Don José observe un instant son cousin et siffle doucement.

- Tu sais que je t'admire ? Nous avons trouvé la gloire et la fortune, nous avons été reçu par les rois et fêtés par toute la ville et tu ne penses qu'à te mortifier.

Le regard de Martin se fait brûlant.

- La seule gloire à laquelle j'aspire est de servir Dieu. Et si je suis heureux de cette fortune que Dieu nous a fait la grâce de trouver, c'est surtout pour pouvoir la mettre à Son service en faisant dire des messes et en évangélisant ces païens.

- A propos, lance don José, ne te trompe pas de couvent. J'ai réussi à coller tous les Indiens au même endroit afin qu'ils y attendent notre bon plaisir. Mais je doute que leur compagnie te réjouisse.

- Il est vrai que je les ai assez vus, surtout ce Pedro qui est si arrogant. Toujours à réclamer quelque chose, celui-là.

- Malheureusement, tu n'as pas fini de le voir. Je compte le garder à mon service afin de le dresser. Mais ne crains rien, j'aurai aussi soin de son âme. Tu ne veux toujours pas en garder un pour ton usage personnel ?

- Inutile.

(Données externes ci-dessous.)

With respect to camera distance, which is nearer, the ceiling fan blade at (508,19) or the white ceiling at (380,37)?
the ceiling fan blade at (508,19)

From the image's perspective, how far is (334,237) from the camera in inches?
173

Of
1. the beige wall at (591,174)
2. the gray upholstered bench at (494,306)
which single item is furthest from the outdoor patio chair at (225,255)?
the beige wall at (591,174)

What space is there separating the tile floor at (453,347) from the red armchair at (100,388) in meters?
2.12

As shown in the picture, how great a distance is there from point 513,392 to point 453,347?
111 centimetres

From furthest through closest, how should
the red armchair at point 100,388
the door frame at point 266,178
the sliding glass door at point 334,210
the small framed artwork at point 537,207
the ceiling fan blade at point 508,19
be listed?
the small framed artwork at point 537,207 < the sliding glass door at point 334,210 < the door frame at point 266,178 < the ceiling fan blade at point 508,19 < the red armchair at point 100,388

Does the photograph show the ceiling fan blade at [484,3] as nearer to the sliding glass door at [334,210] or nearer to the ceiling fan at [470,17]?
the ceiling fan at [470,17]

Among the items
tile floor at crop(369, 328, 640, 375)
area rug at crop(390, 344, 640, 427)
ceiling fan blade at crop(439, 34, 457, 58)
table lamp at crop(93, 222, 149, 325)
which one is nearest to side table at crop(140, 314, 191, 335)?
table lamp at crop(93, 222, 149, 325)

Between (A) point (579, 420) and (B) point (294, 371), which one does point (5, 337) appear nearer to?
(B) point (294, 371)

Je suis déjà chargé du salut de Millan et c'est une bien lourde tâche, crois moi.

- Alors pourquoi l'avoir pris à ton service ? Il fallait l'abandonner à son sort. Il était bien condamné à mort, non ?

- Oui, il avait tenté de cambrioler un marchand et, pris sur le fait, l'avait lardé de coups de couteau.

- Charmant personnage, déclare don José, et tu n'as pas peur de lui ?

- Peur ? relève Martin. Je n'ai peur de rien, sauf du jugement de Dieu. Et justement, quand je l'ai vu marcher à la potence, j'ai entendu la voix de Dieu qui m'ordonnait de le sauver. Je me suis interposé et après de longues discussions et une certaine somme d'argent, il faut bien le reconnaître, j'ai réussi à l'arracher à la mort.

- Cela explique qu'il te soit si dévoué !

- Encore heureux ! Je ne tolérerai pas l'ingratitude. Il sait qu'il me doit son salut terrestre et que je m'efforce de faire son salut éternel. Ce n'est pas tous les jours faciles, crois moi, et je suis obligé de le lui rappeler à la moindre défaillance. Mais puisque Dieu a voulu me charger de ce fardeau, je dois l'accepter de bonne grâce et en remercier Notre Seigneur.

- Amen. Tu restes au moins pour déjeuner ? Il est déjà tard et je doute que tu trouves tout de suite un couvent prêt à t'accueillir.

- Et bien soit, je crois que je vais profiter de ton hospitalité.

Le repas était succulent et don Martin se laisse aller à un doux contentement. Ce jour est à marquer d'une pierre blanche. Il se rengorge : le spectacle qu'ils ont offert était vraiment superbe ; les Tolédans n'ont pas boudé leur plaisir. C'est sûr, il fera date dans les annales. Un frisson d'orgueil lui parcourt délicieusement l'échine.